• _Exercise directions_:
Look for "about" in the material below and show each line that contains it.
Provided data Block Start
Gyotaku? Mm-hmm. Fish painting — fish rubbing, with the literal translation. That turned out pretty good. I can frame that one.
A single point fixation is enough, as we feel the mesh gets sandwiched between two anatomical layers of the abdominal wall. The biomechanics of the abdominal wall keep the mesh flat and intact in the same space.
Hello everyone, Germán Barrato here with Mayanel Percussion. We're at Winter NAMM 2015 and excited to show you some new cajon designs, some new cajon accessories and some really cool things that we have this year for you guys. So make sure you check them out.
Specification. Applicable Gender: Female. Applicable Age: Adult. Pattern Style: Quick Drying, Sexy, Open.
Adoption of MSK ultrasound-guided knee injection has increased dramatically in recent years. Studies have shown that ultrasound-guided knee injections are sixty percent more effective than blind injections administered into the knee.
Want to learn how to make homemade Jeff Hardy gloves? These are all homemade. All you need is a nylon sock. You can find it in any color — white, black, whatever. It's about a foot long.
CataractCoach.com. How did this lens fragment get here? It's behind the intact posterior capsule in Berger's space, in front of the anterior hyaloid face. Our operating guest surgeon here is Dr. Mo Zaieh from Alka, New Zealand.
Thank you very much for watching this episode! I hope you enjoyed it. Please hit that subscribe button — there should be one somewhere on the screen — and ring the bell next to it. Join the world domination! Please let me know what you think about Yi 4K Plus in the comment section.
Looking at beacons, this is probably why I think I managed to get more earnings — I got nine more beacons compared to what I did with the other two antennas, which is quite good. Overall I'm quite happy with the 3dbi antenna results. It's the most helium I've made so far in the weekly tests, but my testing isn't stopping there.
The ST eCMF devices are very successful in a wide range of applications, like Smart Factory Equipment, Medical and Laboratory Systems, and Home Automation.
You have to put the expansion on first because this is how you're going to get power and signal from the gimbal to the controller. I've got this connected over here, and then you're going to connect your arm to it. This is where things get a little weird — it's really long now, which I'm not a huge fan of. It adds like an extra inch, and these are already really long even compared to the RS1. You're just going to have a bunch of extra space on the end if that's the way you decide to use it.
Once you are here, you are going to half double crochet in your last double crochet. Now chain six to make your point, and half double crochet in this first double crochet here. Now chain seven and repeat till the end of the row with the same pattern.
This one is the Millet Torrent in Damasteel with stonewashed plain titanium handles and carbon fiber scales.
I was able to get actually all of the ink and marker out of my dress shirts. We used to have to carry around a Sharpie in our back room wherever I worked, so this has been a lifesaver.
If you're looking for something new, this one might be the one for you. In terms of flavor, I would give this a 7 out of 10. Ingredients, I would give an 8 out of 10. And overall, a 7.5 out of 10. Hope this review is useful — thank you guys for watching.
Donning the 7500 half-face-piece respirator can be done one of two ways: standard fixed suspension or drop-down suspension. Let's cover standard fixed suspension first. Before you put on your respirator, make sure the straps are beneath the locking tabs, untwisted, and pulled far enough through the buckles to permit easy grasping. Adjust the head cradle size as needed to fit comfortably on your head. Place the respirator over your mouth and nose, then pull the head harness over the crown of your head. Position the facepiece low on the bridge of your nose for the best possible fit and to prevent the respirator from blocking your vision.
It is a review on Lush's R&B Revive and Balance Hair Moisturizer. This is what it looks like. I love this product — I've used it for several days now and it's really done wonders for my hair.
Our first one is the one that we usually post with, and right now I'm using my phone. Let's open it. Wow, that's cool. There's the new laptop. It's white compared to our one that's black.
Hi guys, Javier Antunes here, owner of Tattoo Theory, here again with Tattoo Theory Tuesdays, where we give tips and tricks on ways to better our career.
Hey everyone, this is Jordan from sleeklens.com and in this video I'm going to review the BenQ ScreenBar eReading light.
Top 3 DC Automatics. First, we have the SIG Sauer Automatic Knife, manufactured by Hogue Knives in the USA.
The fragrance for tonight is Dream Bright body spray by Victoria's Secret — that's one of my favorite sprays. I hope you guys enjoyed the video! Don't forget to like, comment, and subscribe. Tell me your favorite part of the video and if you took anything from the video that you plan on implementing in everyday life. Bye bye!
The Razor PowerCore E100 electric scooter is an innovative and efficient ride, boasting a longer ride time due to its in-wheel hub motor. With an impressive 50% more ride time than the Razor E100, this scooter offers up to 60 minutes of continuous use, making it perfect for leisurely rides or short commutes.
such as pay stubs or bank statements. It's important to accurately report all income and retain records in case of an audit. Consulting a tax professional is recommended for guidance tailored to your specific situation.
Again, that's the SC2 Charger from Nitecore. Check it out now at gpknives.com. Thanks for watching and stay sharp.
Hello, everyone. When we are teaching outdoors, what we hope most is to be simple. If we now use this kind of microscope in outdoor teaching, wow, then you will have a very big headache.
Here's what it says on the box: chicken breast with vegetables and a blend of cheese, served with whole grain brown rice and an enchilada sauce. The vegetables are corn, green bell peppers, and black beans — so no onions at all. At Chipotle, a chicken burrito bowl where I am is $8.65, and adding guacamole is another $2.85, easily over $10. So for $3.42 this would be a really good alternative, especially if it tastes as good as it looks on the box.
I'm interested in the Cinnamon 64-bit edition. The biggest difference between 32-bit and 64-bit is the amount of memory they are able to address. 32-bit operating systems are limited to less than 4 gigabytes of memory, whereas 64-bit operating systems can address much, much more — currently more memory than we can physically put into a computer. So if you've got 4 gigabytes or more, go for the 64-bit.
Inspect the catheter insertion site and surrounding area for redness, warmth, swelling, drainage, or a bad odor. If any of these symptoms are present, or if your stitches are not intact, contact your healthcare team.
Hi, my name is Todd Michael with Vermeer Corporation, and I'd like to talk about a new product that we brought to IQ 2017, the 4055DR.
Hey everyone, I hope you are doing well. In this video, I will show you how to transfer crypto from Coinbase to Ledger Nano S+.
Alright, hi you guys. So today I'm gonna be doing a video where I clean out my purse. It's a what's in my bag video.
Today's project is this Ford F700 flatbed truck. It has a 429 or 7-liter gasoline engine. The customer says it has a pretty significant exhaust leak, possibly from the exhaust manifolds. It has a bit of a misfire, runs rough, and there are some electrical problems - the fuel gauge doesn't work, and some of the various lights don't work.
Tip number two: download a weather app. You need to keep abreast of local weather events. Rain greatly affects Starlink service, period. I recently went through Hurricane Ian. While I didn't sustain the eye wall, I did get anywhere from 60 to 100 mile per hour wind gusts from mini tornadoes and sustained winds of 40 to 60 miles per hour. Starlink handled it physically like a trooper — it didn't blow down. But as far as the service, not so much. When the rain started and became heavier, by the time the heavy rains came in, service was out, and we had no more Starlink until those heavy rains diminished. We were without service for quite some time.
Provided data Block End
• _Result_:
Want to learn how to make homemade Jeff Hardy gloves? These are all homemade. All you need is a nylon sock. You can find it in any color — white, black, whatever. It's about a foot long.
Thank you very much for watching this episode! I hope you enjoyed it. Please hit that subscribe button — there should be one somewhere on the screen — and ring the bell next to it. Join the world domination! Please let me know what you think about Yi 4K Plus in the comment section.
Hi, my name is Todd Michael with Vermeer Corporation, and I'd like to talk about a new product that we brought to IQ 2017, the 4055DR.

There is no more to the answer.